사실 앞부분에서 생략한 과정이 있는데, receipe를 설정하여 influxDB를 datalake로 연결해놓지 않았다.

RECIPE_EXAMPLE/example_recipe_latest_stable.yaml

해당 파일을 확인하면 helm chart value값이 나온다.

traininghost:
  ip_address: <Fill IP of host>
tm:
  image:
    repository: nexus3.o-ran-sc.org:10002/o-ran-sc/aiml-fw-awmf-tm-docker
    pullPolicy: IfNotPresent
    # Overrides the image tag whose default is the chart appVersion.
    tag: "2.0.0"
  pipelines: {"timeseries": "qoe_pipeline_h_release"}

...

datalake:
  influxdb:
    host: <Fill IP of datalake>
    port: <Fill port of datalake>
    orgname: <Fill org name configured in datalake>
    bucket: <Fill bucket info of data in datalake>
    token:  <Fill token info to access data>
...

Fill부분을 채워넣어야 하는데, 먼저 채워넣을 수 있는 부분은 ip_address로 localhost나 aimlfw가 배포된 node의 IP를 넣어주면 된다.

traininghost:
  ip_address: localhost
tm:
  ...

이렇게 넣어주었다.

다음으로 influxDB에 관련된 설정값들은 influxDB를 배포한 다음 확인할 수 있다.

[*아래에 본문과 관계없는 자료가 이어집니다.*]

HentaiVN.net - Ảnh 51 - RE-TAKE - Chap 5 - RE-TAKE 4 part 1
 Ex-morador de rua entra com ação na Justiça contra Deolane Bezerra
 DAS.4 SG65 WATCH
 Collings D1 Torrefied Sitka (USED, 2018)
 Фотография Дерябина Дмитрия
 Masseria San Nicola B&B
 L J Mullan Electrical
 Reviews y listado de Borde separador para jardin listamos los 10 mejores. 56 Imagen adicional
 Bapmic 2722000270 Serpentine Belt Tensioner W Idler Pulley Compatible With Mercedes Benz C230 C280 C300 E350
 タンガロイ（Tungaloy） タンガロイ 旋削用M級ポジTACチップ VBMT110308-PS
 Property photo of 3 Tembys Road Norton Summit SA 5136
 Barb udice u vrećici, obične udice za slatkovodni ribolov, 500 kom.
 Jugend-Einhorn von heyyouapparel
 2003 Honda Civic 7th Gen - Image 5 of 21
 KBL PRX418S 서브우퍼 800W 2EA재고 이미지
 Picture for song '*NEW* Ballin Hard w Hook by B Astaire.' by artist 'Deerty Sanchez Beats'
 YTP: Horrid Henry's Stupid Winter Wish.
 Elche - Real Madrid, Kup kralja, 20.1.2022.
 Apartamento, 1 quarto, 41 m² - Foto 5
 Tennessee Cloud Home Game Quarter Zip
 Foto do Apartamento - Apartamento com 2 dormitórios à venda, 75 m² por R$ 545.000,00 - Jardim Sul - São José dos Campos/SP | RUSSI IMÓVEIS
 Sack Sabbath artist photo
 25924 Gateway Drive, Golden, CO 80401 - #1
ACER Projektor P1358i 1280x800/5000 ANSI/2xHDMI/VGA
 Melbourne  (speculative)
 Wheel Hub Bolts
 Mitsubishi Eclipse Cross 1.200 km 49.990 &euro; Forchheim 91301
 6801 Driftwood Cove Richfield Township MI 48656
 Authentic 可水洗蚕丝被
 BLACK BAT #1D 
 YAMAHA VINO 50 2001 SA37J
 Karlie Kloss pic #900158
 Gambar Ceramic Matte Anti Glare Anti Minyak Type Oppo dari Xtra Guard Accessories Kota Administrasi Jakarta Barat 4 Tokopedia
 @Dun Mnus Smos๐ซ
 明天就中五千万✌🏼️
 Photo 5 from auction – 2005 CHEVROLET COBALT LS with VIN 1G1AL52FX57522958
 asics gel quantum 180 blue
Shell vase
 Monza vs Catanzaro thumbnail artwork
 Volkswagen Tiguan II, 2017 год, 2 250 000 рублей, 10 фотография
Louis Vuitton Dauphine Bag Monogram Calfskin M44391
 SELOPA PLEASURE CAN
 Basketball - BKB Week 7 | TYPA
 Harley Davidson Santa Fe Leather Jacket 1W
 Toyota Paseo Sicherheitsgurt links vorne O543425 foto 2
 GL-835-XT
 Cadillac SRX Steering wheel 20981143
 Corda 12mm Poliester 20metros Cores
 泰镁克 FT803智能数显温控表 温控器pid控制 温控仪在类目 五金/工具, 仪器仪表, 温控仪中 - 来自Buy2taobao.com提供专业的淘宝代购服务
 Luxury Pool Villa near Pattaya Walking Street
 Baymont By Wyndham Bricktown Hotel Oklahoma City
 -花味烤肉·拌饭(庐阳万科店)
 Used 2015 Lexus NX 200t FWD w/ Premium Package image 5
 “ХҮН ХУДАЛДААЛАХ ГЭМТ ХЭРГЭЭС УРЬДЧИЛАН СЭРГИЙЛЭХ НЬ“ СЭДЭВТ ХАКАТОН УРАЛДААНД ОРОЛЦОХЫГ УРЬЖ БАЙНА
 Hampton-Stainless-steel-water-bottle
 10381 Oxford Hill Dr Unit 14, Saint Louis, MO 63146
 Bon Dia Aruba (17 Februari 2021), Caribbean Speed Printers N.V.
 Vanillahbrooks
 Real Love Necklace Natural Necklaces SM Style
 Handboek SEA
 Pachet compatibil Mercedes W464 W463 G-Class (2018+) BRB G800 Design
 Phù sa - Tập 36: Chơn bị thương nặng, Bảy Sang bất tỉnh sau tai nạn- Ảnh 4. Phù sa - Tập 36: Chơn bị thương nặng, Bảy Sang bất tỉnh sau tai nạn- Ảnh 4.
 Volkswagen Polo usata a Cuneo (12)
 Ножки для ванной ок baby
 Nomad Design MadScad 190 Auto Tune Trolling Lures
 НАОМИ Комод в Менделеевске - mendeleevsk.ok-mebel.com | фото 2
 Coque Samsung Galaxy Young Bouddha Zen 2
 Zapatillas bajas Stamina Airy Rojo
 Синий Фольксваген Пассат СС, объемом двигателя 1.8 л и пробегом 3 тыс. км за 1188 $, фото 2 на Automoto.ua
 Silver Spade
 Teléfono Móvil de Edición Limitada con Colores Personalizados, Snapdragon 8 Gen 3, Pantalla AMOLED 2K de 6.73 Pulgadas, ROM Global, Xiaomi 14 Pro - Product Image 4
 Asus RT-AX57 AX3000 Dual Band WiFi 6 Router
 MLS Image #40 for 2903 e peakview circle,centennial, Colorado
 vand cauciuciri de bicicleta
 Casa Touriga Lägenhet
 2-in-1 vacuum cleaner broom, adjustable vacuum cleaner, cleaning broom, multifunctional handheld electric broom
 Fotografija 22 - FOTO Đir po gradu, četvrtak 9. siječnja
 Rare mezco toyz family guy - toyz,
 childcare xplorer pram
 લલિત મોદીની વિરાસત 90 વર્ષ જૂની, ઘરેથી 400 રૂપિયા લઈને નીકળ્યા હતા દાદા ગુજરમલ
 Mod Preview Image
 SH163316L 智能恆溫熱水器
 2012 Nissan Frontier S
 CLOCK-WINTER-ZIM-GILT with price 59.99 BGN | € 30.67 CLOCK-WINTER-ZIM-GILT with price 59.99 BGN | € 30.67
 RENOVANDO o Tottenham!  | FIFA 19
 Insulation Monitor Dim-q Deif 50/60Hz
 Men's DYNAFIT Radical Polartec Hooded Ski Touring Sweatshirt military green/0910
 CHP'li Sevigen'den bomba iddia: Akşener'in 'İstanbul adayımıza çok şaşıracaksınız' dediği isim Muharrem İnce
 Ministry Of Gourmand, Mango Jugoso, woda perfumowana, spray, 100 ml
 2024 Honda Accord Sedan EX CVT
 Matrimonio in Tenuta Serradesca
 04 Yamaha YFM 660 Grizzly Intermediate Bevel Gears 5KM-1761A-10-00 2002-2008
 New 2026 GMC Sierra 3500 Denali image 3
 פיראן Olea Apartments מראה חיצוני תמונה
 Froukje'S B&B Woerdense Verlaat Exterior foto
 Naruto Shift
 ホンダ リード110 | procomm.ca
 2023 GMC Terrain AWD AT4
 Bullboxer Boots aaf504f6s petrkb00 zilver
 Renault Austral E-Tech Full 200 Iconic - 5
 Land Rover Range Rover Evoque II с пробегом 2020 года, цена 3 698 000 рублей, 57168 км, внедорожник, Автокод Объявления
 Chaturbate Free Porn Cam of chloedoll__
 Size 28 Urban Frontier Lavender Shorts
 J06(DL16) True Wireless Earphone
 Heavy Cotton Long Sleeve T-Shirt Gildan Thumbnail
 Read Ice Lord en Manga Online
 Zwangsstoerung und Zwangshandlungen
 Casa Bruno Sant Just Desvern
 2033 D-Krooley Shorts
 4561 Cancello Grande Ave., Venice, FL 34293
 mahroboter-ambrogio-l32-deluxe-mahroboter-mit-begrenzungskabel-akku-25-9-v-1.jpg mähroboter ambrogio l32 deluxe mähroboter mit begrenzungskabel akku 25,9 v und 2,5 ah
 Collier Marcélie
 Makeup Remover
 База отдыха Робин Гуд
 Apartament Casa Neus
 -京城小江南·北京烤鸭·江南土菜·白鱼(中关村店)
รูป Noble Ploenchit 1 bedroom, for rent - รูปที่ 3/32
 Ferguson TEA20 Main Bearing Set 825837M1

helm repo add bitnami https://charts.bitnami.com/bitnami
helm install my-release bitnami/influxdb --version 5.13.5

잘 배포되었는 지 확인해보도록 하자.

 kubectl get po
NAME                                               READY   STATUS    RESTARTS   AGE
my-release-influxdb-5d5d95cf8b-vpgg7               1/1     Running   0          171m
nfs-subdir-external-provisioner-7484d5b48d-rg99c   1/1     Running   0          4h32m

my-release-influxdb-5d5d95cf8b-vpgg7 pod가 잘 배포되었다. 이제 이 pod에 있는 influx cli로 token값을 가져와보도록 하자.

kubectl exec -it my-release-influxdb-5d5d95cf8b-vpgg7 -- cat bitnami/influxdb/influxd.bolt | tr -cd "[:print:]"

Ih\x@0d5aea2c2f026000{"id":"0d5aea2c2f026000","token":"W8SyiYioyRCKPP4DVMWd","status"...

token값만 알면 되기 때문에 맨 앞만 보면된다. 필자의 경우 "W8SyiYioyRCKPP4DVMWd"가 token값이었다.

다음으로 influxDB에 bucket을 만들도록하자. SQL에서의 table정도로 생각하면 된다.

export INFLUXDB_TOKEN=W8SyiYioyRCKPP4DVMWd
kubectl exec -it my-release-influxdb-5d5d95cf8b-vpgg7 -- influx bucket create -n UEData -o primary -t ${INFLUXDB_TOKEN}

ID			Name	Retention	Shard group duration	Organization ID		Schema Type
f78124bd87f69df5	UEData	infinite	168h0m0s		c35659312f917dac	implicit

위의 token값을 이용하여 UEData bucket을 만들고 org는 primary로 설정한 것이다.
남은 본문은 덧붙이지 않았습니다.